What you are asked to do — Print nothing except the lines of the listing below from the line with "Image of Joghurt" to the line with "photo 3 of 27", each exactly as written, both ends included.

Given data —

= Beginning of Section =

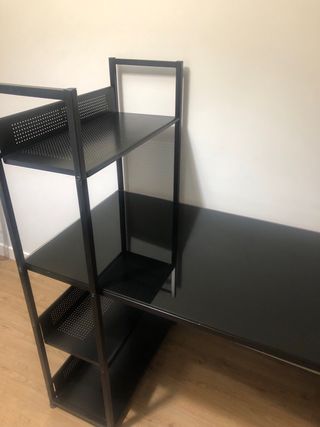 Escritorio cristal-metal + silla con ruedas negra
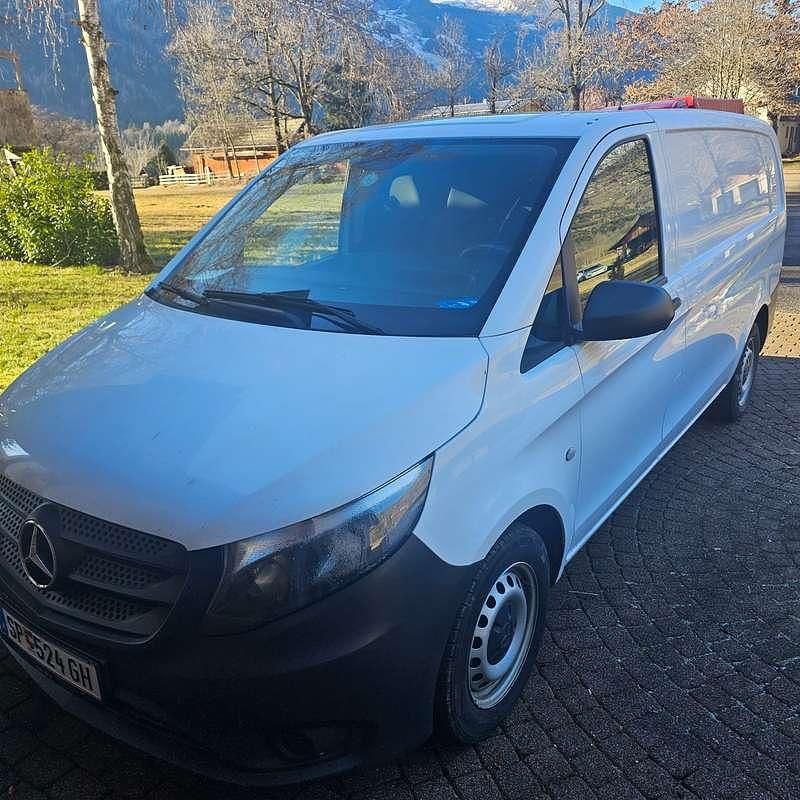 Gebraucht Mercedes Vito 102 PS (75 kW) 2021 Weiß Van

= End of Section =
= Beginning of Section =

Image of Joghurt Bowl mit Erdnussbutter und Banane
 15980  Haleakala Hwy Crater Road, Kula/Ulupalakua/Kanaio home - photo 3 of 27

= End of Section =

Answer —
Image of Joghurt Bowl mit Erdnussbutter und Banane
 15980  Haleakala Hwy Crater Road, Kula/Ulupalakua/Kanaio home - photo 3 of 27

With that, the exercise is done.